DBMS Architecture and Implementation

Aims:

examine techniques used in implementation of DBMSs:
- query processing (QP), transaction processing (TP)
use QP knowledge to make DB applications efficient
use TP knowledge to make DB applications safe

COMP3311: overview of the above; how to use them in app development
COMP9315: explore the above in detail; implement (bits of) a DBMS.

Database Application Performance

In order to make DB applications efficient, we need to know:

what operations on the data does the application require
(which queries, updates, inserts and how frequently is each one performed)
how these operations might be implemented in the DBMS
(data structures and algorithms for select, project, join, sort, ...)
how much each implementation will cost
(in terms of the amount of data transferred between memory and disk)

and then, as much as the DBMS allows, "encourage" it to use the most efficient methods.

Database Application Performance (cont)

Application programmer choices that affect query cost:

how queries are expressed
- generally join is faster than subquery
- especially if subquery is correlated
- avoid producing large intermediate tables then filtering
- avoid applying functions in where/group-by clasues
creating indexes on tables
- index will speed-up filtering based on indexed attributes
- indexes generally only effective for equality, gt/lt
- indexes have update-time and storage overheads
- only useful if filtering much more frequent than update

Database Application Performance (cont)

Whatever you do as a DB application programmer

the DBMS will transform your query
to make it execute as efficiently as possible

Transformation is carried out by query optimiser

which assesses possible query execution approaches
evaluates likely cost of each approach, chooses cheapest

You have no control over the optimisation process

but choices you make can block certain options
limiting the query optimiser's chance to improve

Database Application Performance (cont)

Example: query to find sales people earning more than $50K

select name from Employee
where  salary > 50000 and
       empid in (select empid from Worksin
                 where  dept = 'Sales')

A query optimiser might use the strategy

SalesEmps = (select empid from WorksIn where dept='Sales')
foreach e in Employee {
    if (e.empid in SalesEmps && e.salary > 50000)
        add e to result set
}

Needs to examine all employees, even if not in Sales

Database Application Performance (cont)

A different expression of the same query:

select name
from   Employee join WorksIn using (empid)
where  Employee.salary > 5000 and
       WorksIn.dept = 'Sales'

Query optimiser might use the strategy

SalesEmps = (select * from WorksIn where dept='Sales')
foreach e in (Employee join SalesEmps) {
    if (e.salary > 50000)
        add e to result set
}

Only examines Sales employees, and uses a simpler test

Database Application Performance (cont)

A very poor expression of the query (correlated subquery):

select name from Employee e
where  salary > 50000 and
       'Sales' in (select dept from Worksin where empid=e.id)

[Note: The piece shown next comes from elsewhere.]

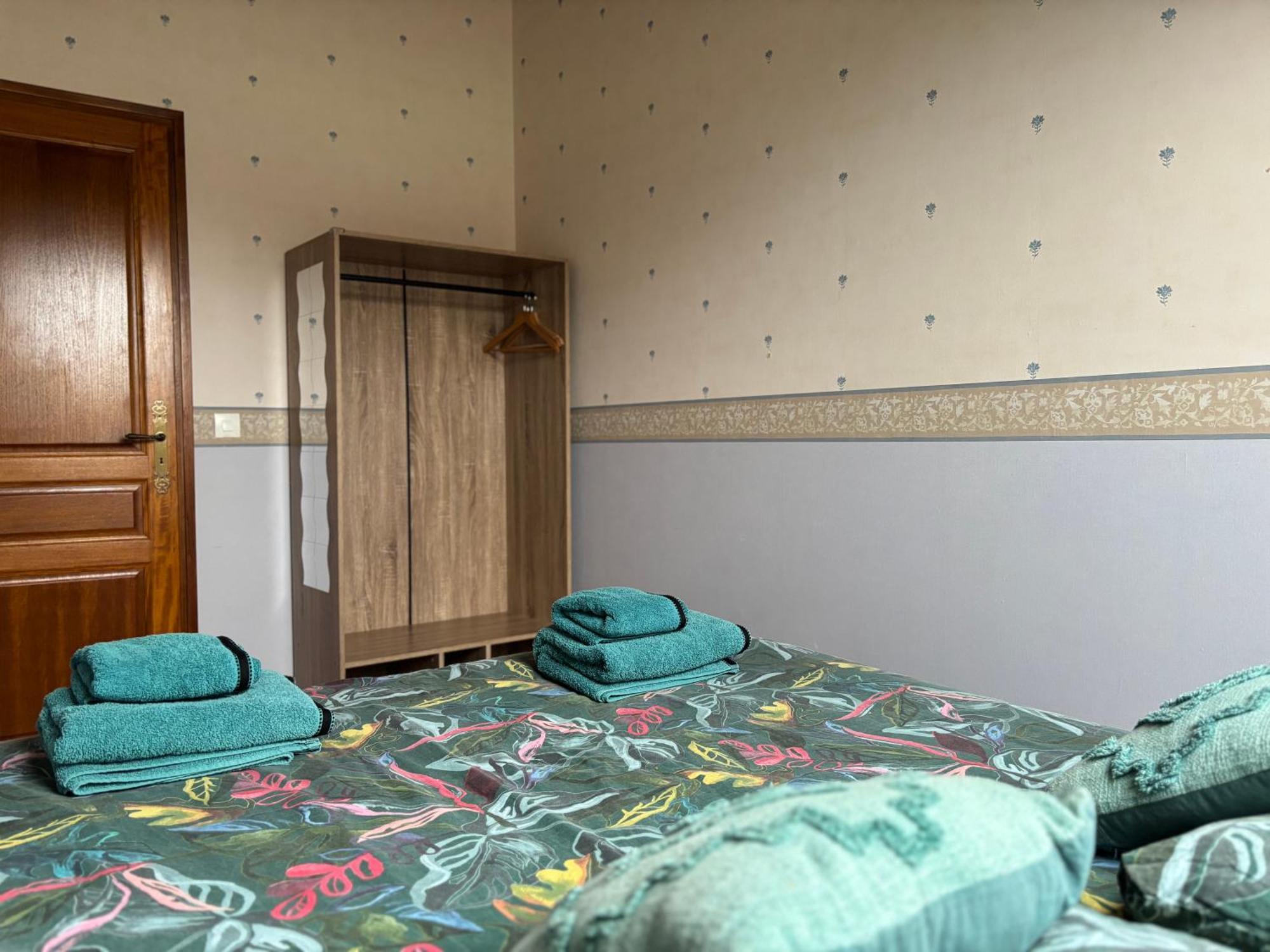 Le So Art, Grande Maison 4 Chambres, Terrain De Petanque, Grand Jardin Clos, Flipper, Babyfoot, Jeux Arcade, Ping Pong,1 Km Mer, Proche Golf, Port En Bessin, Bayeux Et Plages Du Debarquement, Adaptee Enfants Commes Экстерьер фото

A query optimiser would be forced to use the strategy:

foreach e in Employee {
    Depts = (select dept from WorksIn where empid=e.empid)
    if ('Sales' in Depts && e.salary > 50000)
        add e to result set
}

Needs to run a query for every employee ...

Database Transaction Processing

In most applications ...

application-level operations comprise multiple DB operations
multiple users interact with the database concurrently

Example: bank funds transfer requires at least two operations

Transfer(Amount, Source, Dest)
-- deduct funds from source account
update Account set balance = balance - Amount
where  account = Source
-- add funds to destination account
update Account set balance = balance + Amount
where  account = Dest

May also require checks on validity of Source and Dest ...

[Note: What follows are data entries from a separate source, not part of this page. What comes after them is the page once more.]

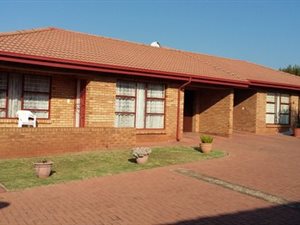 1 Bed Townhouse in Wilro Park
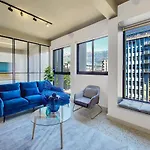 Luxurious Hotel-Type Living Couples Retreat- Pool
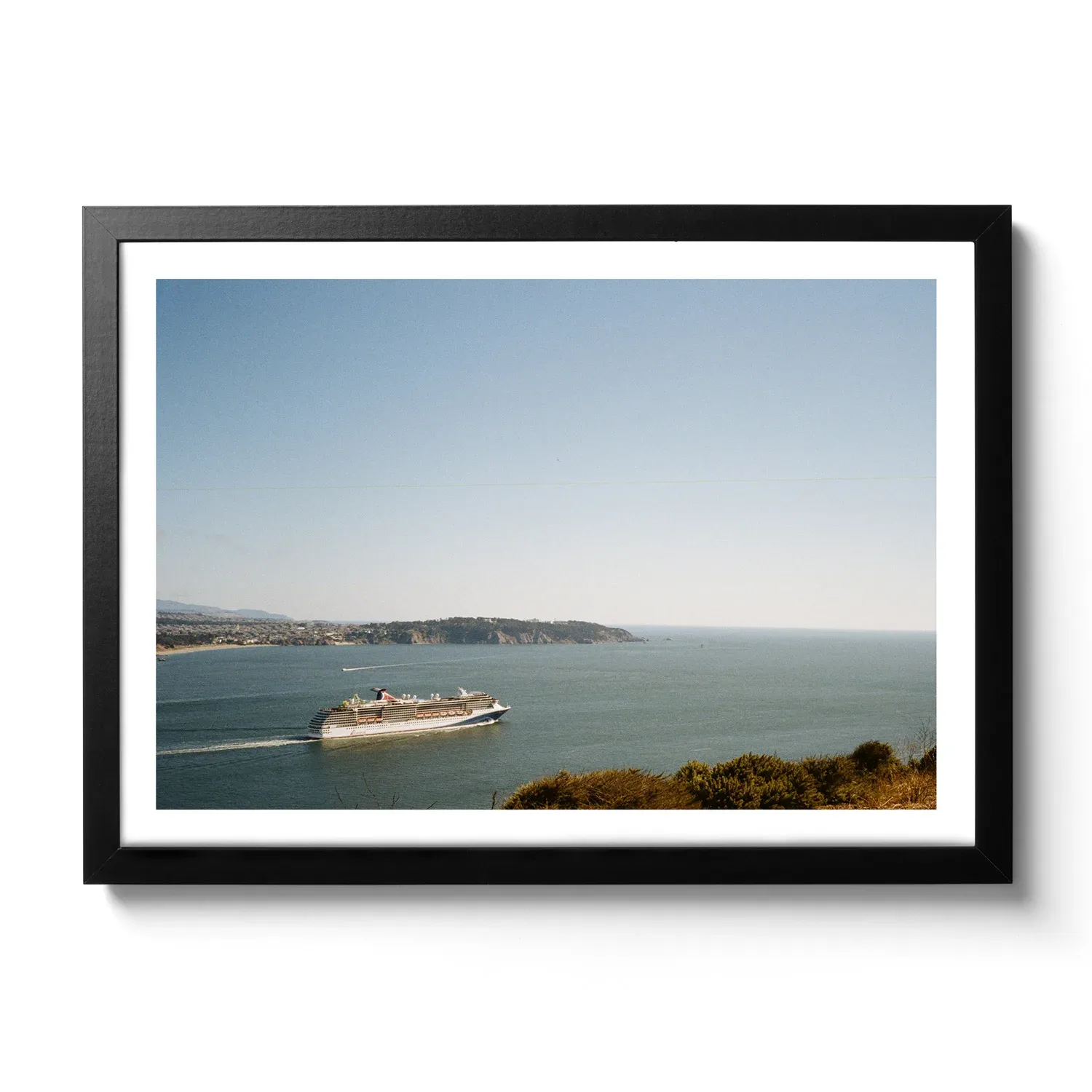 Image of a boat leaving San Francisco Bay for the ocean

Database Transaction Processing (cont)

Where things can go wrong in the funds transfer example:


(1) update Account set balance = balance - Amount where account = Source
(2) update Account set balance = balance + Amount where account = Dest

system could crash after first operation but before second
- money lost from source account
- solution requires us to ensure 0 or 2 ops are completed
two users could do first operation simultaneously
- only one deduction from source account
- solution requires us to control "simultaneous" access

Database Transaction Processing (cont)

DBMSs provide two inter-related mechanisms for transactions ...

transactions
- syntax: BEGIN ... SQL statements ... END
- treats a group of DB operations as an atomic unit
- all operations happen, or none do (may requie rollback)
locking
- syntax: LOCK DBobject (SHARE|EXCLUSIVE)
- block second transaction trying to obtain exlcusive lock
- transaction continues once lock released by first transaction

Database Transaction Processing (cont)

Locking is critical in many contexts

but has overheads (lock objects, reduced concurrency)

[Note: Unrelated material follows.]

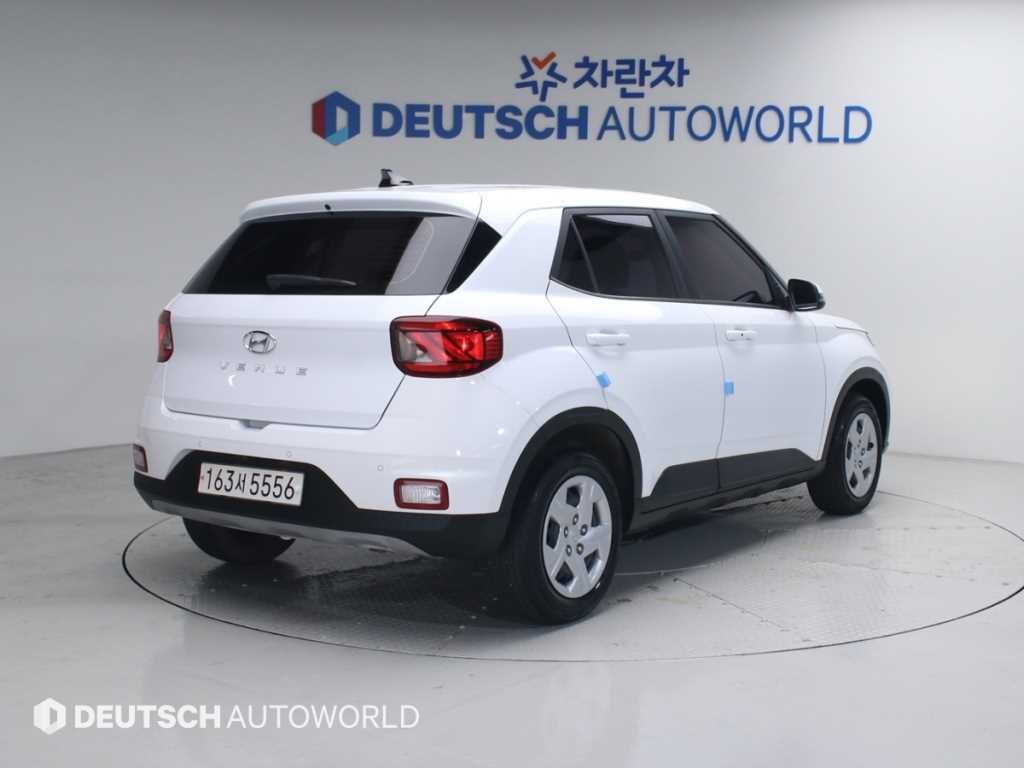 현대 베뉴 1.6 스마트 이미지 2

If need for locking can be reduced ⇒ better throughput

Many DBMSs provide MVCC (multi-version concurrency control)

stores multiple versions of each tuple
each transaction accesses "appropriate" version
reduces locking requirements (and sometimes eliminates locking)

Disadvantages: storage overhead, each tuple access requires relevance check

Data Representation

A DBMS provides representations for:

values, tuples, tables, indexes (native representation)
transactions, locks (native representations)
functions, views, triggers (via tuples in meta-data tables)

Value representations use underlying data types and byte arrays

e.g. int for integer, char[N] for varchar(N)

Tuple representations are like structs with header info

values stored in a "chunk of bytes"
plus oid, MVCC values, attribute offsets
large data is stored out-of-band (TOAST tables)

Data Representation (cont)

Many ways to represent database relations:

one relation = one file
one file contains data from many relations
one relation is implemented as multiple files

Examples of the above:

MiniSQL: each relation+indexes stored in a single file
SQLite: all tables+indexes+metadata in one file
Oracle: all table+indexes+catalog in a set of large files
PostgreSQL: each relation+indexes in several files

Data Representation (cont)

PostgreSQL's data layout:

all data held under PGDATA/base directory
each database is a subdirectory (named after oid)
each table or index is stored in a separate file
large data values are compressed and stored separately
(a TOAST file associated with each table containing large values)
pgsql_tmp subdirectory holds temp query proc files
(used when intermediate results are too large to fit in mem buffers)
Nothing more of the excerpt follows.